- Opening Delimiter -

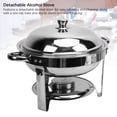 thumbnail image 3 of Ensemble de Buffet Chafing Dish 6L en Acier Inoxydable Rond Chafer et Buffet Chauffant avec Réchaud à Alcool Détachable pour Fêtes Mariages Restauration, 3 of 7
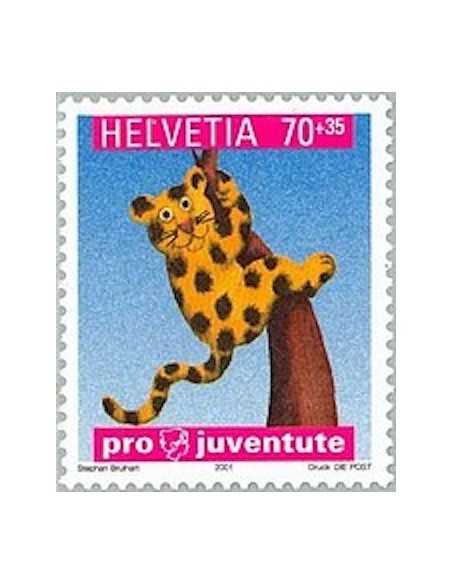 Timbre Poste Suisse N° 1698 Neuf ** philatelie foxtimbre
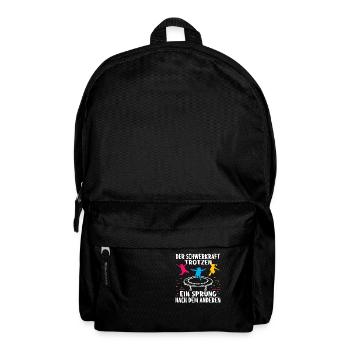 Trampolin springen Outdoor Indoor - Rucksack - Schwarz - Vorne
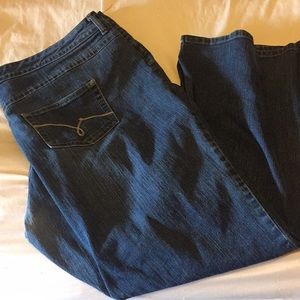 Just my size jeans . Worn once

- Closing Delimiter -

- **WHAT IS NEEDED**: Transcribe exactly the lines above, running from the one that contains "Trampolin springen Outdoor" through the final line of the listing, and skip every picture.

- **ANSWER TO THIS PROBLEM**:
 Trampolin springen Outdoor Indoor - Rucksack - Schwarz - Vorne
 Just my size jeans . Worn once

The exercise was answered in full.